||With the application of high tech equipments in the industrial, commercial, and residential areas, the enhancement of power quality has become a very critical issue for power utilities. Distribution automation and customer automation will be the most important functions to be implemented. Distribution automation consists of control center, communication system, remote terminal units, and feeder terminal units. The currents, voltages, phase angles, and switch status will be collected by the real time SCADA system. Based on the switch status and connectivity analysis, the distribution network configuration can be identified by executing the topology process. The distribution system planning and optimal operation strategy can be achieved by various application software functions.|
A multiagent-based distribution automation system is developed for fault detection, isolation, and restoration (FDIR) of distribution systems with JADE platform in this thesis.
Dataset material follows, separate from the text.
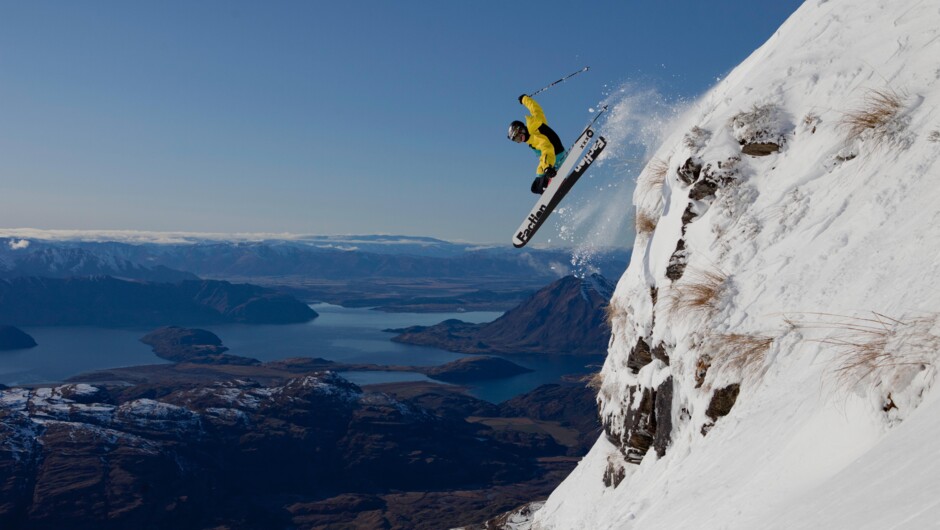 Treble Cone challenge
Remote terminal unit (RTU) agents, main transformer (MTR) agents, feeder circuit breaker (FCB) agents, and feeder terminal unit (FTU) agents of the multiagent system (MAS) are proposed to derive a proper restoration plan after a faulted location has been identified and isolated. To ensure the fault restoration plan can comply with the operation regulation, heuristic rules based on the standard operation procedures of Taipower distribution system are included in the best first search of the MAS. For the fault contingency during summer peak season, the load shedding may be executed and the MAS are designed to restore service to as many key customers and loads as possible. The priority indices of each feeder and service zone are determined according to the key customers within the service territory.
A Taipower distribution system with 43 feeders is selected for computer simulation to demonstrate the effectiveness of the proposed methodology in this thesis. It is found that the service restoration of distribution system can be obtained very efficiently by applying the proposed multiagent-based MAS.